Foi esse fenômeno que alertou a equipe de arqueologia para a localização da caverna. Os pássaros voando muito perto da entrada da caverna sufocaram e caíram mortos – mostrando que, milhares de anos depois, ainda é tão mortal como era na época.
O culpado é a atividade sísmica subterrânea, de acordo com o vulcanologista Hardy Pfanz, da Universidade de Duisburg-Essen, na Alemanha, que liderou a pesquisa sobre o vazamento de gás da caverna em 2018. Uma fissura que corre nas profundezas da região emite grandes quantidades de dióxido de carbono vulcânico.
A equipe mediu os níveis de dióxido de carbono na arena conectada à caverna e descobriu que o gás – ligeiramente mais pesado que o ar – formou um ‘lago’ que se elevou 40 centímetros acima do chão da arena.

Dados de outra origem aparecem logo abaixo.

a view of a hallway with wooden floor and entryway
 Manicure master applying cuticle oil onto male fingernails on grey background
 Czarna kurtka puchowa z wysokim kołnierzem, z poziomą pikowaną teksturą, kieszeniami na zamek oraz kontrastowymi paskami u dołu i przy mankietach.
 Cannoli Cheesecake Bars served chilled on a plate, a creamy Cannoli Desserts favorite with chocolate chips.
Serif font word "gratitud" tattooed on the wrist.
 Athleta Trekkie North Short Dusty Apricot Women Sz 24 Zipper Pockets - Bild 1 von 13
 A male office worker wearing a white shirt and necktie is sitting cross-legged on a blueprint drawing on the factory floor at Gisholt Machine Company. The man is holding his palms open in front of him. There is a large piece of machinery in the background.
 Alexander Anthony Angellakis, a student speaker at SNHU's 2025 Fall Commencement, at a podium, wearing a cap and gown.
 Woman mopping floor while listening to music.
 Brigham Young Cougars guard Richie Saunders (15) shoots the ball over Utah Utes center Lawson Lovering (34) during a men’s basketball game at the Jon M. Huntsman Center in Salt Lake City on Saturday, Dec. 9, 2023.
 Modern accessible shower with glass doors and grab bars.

Esse gás é dissipado pelo Sol durante o dia, eles descobriram, mas é mais mortal ao amanhecer, após uma noite de acumulação. A concentração chega a mais de 50 por cento no fundo do lago, subindo para cerca de 35 por cento a 10 centímetros, o que pode até matar um humano – mas, acima de 40 centímetros, a concentração cai rapidamente.
Durante o dia, ainda há um pouco de dióxido de carbono se estendendo por cerca de 5 centímetros, evidenciado por besouros mortos encontrados pela equipe de pesquisa no chão da arena. E dentro da caverna, eles estimaram que os níveis de CO2 variaram entre 86 e 91 por cento em todos os momentos, já que nem o Sol nem o vento podem entrar.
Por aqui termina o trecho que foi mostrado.